Shortly after I published the previous post, I received an email from an old client who reminded me of a problem he had had with empty index blocks, the solution we had used (which was a coalesce) and an update on how things had changed in the latest releases of Oracle.
Strangely, I was sure I had written a note about his problem, but I couldn’t find anything about it until I did a search on the Oracle Forum and found this thread where someone seems to have suffered from the same sort of issue.
The problem is that when an index suffers a massive delete – which could have accumulated over time, of course – it can end up with a lot of empty leaf blocks which cause an unexpected problem in the future. My summary of the issue is in the thread at this posting.
After a massive delete, you may have a lot of empty leaf blocks in the index. These blocks are left in the b-tree structure AND attached to the freelist.
On a subsequent insert, if a process needs to split a block it takes the top block off the free list and shares the data from the existing block between the old and new blocks; after which the two blocks have various pointers corrected.

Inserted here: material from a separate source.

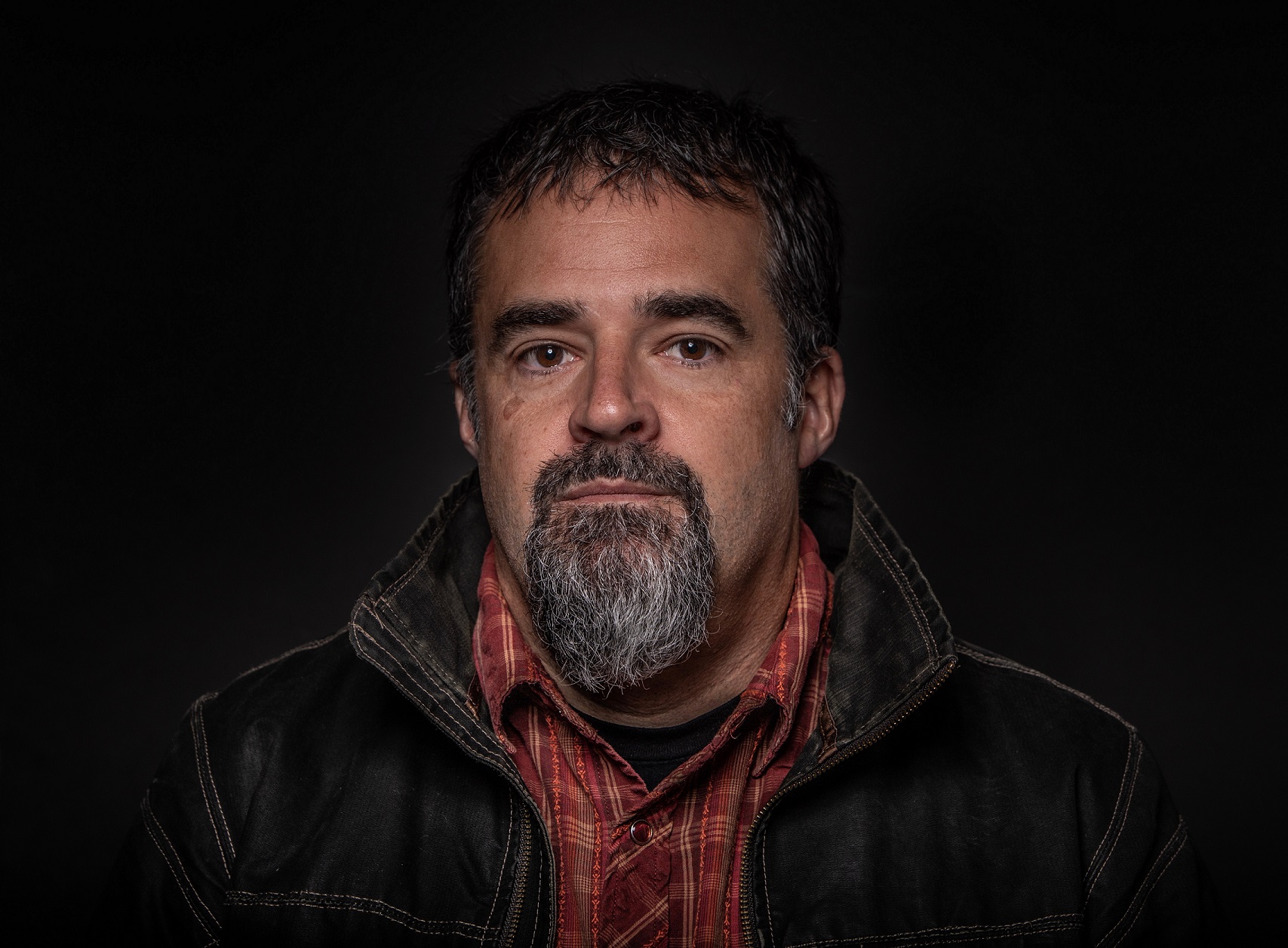 a man with short hair and large jacket with black background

However, there are cases where the splitting process will discover that the block it took from the free-list was also in a position in the index structure that made it an illegal choice. It only discovers this after doing all the work of splitting and relinking the blocks, and so has to roll back that work – which shows up as a ‘transaction rollback’ in v$sysstat – and try another block.
If you have done a massive delete, you could find that one process COULD work through a couple of hundred “not quite free enough” blocks before finding one it can use. This could (a) require lots of db file sequential reads to pick up each block in turn (b) cause other transactions to wait on a TX/4 for each of the blocks in turn.
I have seen this happen on a couple of live systems. I have not yet been able to emulate it on a test system because I can’t figure out the rules that cause the leaf block to be a reject.
A work around to the problem is to do an ‘alter index coalesce’ after doing the massive delete. This cleans all the empty blocks and takes them out of the index structure. (You have to have done a commit after the delete for this to work).
I don’t thnk you can spot this from the statistics – one long catastrophe appears as a single event in the stats. I think it might also be recorded as a hidden statistics in v$segstat, the ‘ITL service wait’.
Since I posted to that thread, though, things have moved on. My old client has upgraded to 10.2.0.3 where the “bug” has been fixed, and a new statistic (“failed probes on index block reclamation”) has been created to count the occurrences of the event.
Things still aren’t perfect unfortunately. The client has a small index which sometimes grows just a little bigger than it ought to and suffers a root block split to introduce a new index level. At present, they rebuild this index on a weekly basis to make sure that the index doesn’t (or is much less likely to) reach the critical size where the index root block splits. Unfortunately, when the root block split occurs, they still suffer a temporary blockage of their system. (Somewhere I’m sure I wrote a note suggesting that a rebuld like this that kept a small index to the minimum level could be a good idea because of a detail of the optimizer arithmetic – but I can’t find it! I’d have to update it if I could).
After reading the email, I had a little search around Metalink, and found a couple of interesting bugs in the same area of code, in particular bug 5764993.8:
During an index block split a session may wait for one second unnecessarily if it already holds the required block in S mode and there are other holders in S mode – If it requests the block in X mode and the other S holders release their block pin/s then in this case the requesting (X) process is not posted so does not realize it can proceed until the “buffer busy wait” times out.
Another bug number gave a little summary of what the ASH (V$active_session_history) output might look like when this happened:
BLCKNG TIME SESSION SESSION EVENT P1 P2 P3 WAITED ------- ------- -------------------------- ---------- --------- ----- ------ 543 530 enq: TX - index contention 1415053316 2359308 2830 991957 543 555 enq: TX - index contention 1415053316 2359308 2830 992447 543 543 buffer busy waits 12 880671 1 992274
Note how session 543 is both blocker and blocked in the bottom line. It is also the session that is blocking everyone else who is stuck in the ‘index transaction’ wait.
One of the things I really like about the blog environment is that other people can add value – this was a wonderful example of how the interaction can work well; so thanks, “old client”.